• [DATA SUPPLIED]
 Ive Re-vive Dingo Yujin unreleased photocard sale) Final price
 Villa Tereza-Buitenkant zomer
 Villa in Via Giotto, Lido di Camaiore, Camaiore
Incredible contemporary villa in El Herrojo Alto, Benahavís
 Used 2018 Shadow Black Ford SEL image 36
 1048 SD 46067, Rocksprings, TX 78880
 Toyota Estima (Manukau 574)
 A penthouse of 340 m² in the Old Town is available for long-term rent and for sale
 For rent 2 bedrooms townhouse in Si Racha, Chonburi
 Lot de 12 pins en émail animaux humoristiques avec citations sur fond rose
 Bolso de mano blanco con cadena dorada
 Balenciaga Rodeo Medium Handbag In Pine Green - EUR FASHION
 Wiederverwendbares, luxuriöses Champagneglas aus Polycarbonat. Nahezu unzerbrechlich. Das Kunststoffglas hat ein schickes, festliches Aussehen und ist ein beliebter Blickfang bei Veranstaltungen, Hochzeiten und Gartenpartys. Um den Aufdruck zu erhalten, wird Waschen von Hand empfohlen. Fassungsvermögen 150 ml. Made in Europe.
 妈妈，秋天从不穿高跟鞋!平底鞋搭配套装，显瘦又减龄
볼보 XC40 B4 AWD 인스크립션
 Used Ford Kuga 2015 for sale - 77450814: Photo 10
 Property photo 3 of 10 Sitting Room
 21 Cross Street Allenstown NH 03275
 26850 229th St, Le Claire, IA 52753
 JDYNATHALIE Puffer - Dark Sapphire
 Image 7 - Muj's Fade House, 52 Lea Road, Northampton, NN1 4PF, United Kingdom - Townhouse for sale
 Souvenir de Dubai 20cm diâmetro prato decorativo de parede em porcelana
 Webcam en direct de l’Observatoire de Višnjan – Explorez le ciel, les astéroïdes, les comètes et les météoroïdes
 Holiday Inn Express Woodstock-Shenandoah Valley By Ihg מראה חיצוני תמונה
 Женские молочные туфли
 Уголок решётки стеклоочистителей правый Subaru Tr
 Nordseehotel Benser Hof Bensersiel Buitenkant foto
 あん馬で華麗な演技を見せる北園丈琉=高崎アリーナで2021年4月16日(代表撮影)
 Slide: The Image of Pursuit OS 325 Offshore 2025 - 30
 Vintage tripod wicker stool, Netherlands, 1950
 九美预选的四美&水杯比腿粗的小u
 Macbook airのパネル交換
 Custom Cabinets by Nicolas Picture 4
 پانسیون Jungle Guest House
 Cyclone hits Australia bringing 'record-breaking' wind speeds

• [THE PROBLEM]
Wherever a line of the records above contains the string "sale", copy that line out.

• [RESPONSE TO THIS EXERCISE]
 Ive Re-vive Dingo Yujin unreleased photocard sale) Final price
 A penthouse of 340 m² in the Old Town is available for long-term rent and for sale
 Used Ford Kuga 2015 for sale - 77450814: Photo 10
 Image 7 - Muj's Fade House, 52 Lea Road, Northampton, NN1 4PF, United Kingdom - Townhouse for sale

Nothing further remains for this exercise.